Sunday, February 26, 2006

The Voices of My Mothers

One of my 2006 goals is establishing the foundation for a thorough family tree. The Native American and Eastern ideas that my life affects and is effected by seven generations back and seven generations forward gives me another reason beyond simple curiosity and fascination to learn about my physical lineage. Fascinating it is, and curious I am, however there is a part of my past that defines my present and predicts my future. So I've finally gotten some written documents about my family lineage from my closest branches: my parents.

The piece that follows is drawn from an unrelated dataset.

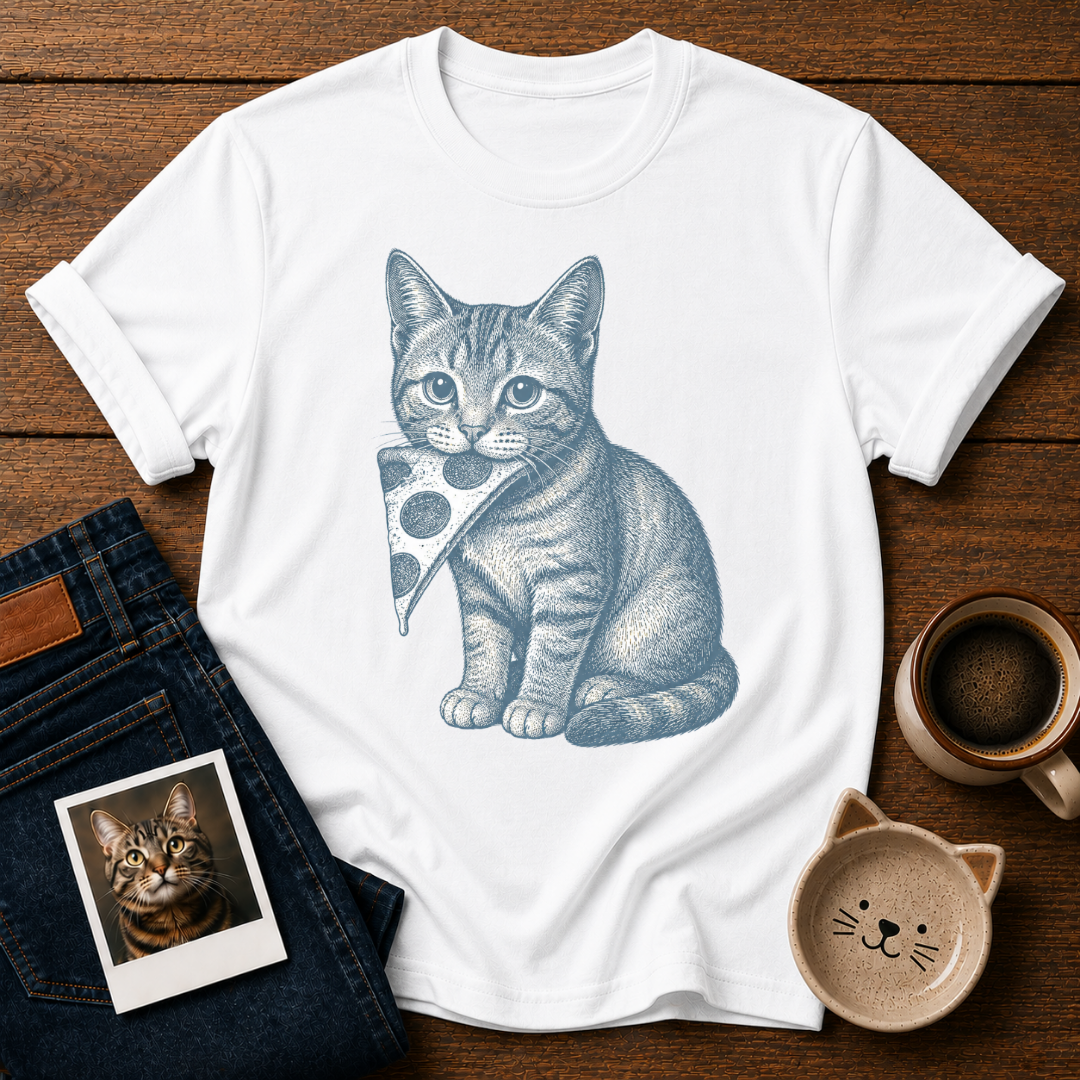 Pizza Thief Cat T-Shirt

I spent an enjoyable several hours the other evening reading stories written by distant relatives that I have either never met, or not seen in years, recalling their memories of their parents or grandparents; recalling stories of lives lived during times of war, struggle and change. Listening to their voices on the paper, I felt a connection with past, differently than I have while reading history texts in college, or biographies of historic persons. There are historic persons in my lineage, and there are stories set in times I've read about in history texts. However, in the everyday language of my own family, I see a personal side of "history": the side that is "his story" and "her story". Because while the events in those books we study are important to know, so too are the events in our ancestors' lives. Crossing oceans and continents, settling and moving, building and tearing down, establishing order and rebelling against it; with out pomp and no mind to prestige, the words of my family communicate the essence of another time and of a spirit that is mine as well - that past that is a part of me and my present.

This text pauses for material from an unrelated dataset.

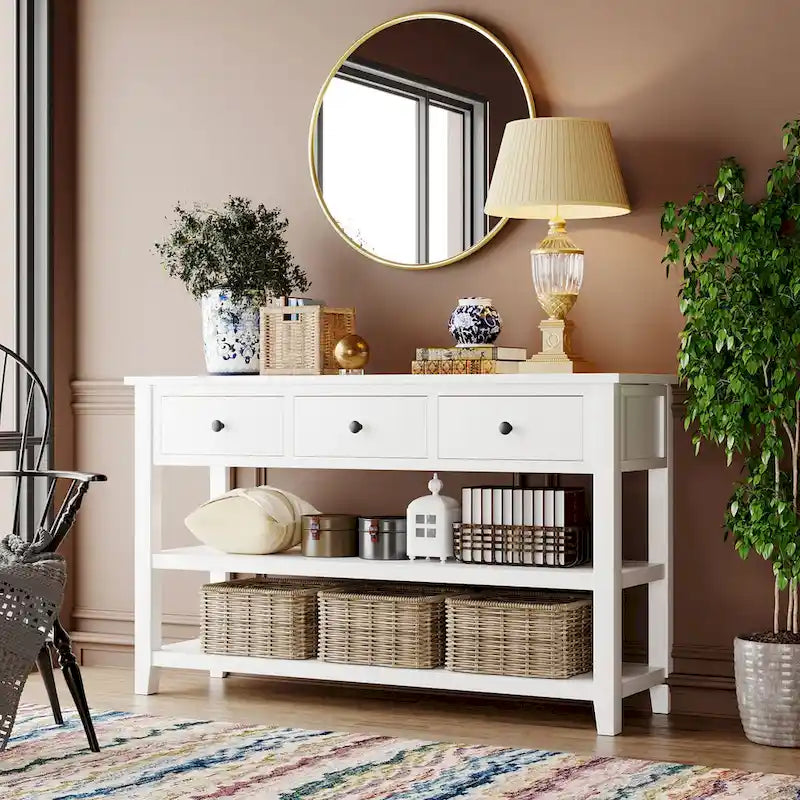 Console con Design Retrò e Due Ripiani Aperti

I see the patterns in my life that reflect the patterns of history. Why study history? "Not to repeat our mistakes" they say. "To learn from the past" we are told. And so too is it with our own history. 50% my mother and 50% my father. A quarter of each of my grandparents, and eighth of each of my great grandparents. And thus is my deck dealt. The tools I come with, the knowledge I start with, the foundation my first foot falls upon. Now it is up to me to choose how to play those cards, and when to add new ones to the deck.

At 2:30am, I finally put away the files. I turned off my bedside lamp, and curled up on my side. I adjusted my pillows, and closed my eyes. And there in the darkness, I heard their voices. Whispers of their lives, like wind in the woods. Softly floating through my mind, I heard their songs. Norse, Celtic, Gaelic, American, young, aged, new, old. Like the voices of the Huldre calling from within the mountain of the past.

~Maren

Monday, February 06, 2006

Groundhog Sees

When in the new chill of Imbolc morning, the creatures wake and wander,
or stagger towards their morning's rest
a long night of prowling behind them,
we see the groundhog.

Sun shining rainbows on the icy threshold she comes. Peeking out and venturing forth, she comes.

Imbolc morning, Groundhog's Day, the sun shines on your face of fur and sleepy eyes, you turn.

In a panic you are taken, shaken, a shadow passes and it moves. Could it be eagle scouting breakfast? Could it be fox?

What does it matter?!

Groundhog sees and darts back beneath the snow encrusted den. She will not come again, until Equinox has claimed the morning, lengthened the days to equal, and assured dear Groundhog of her saftey in the mid-spring sun!

Winter's grip holds fast. Huldre waits with Groundhog.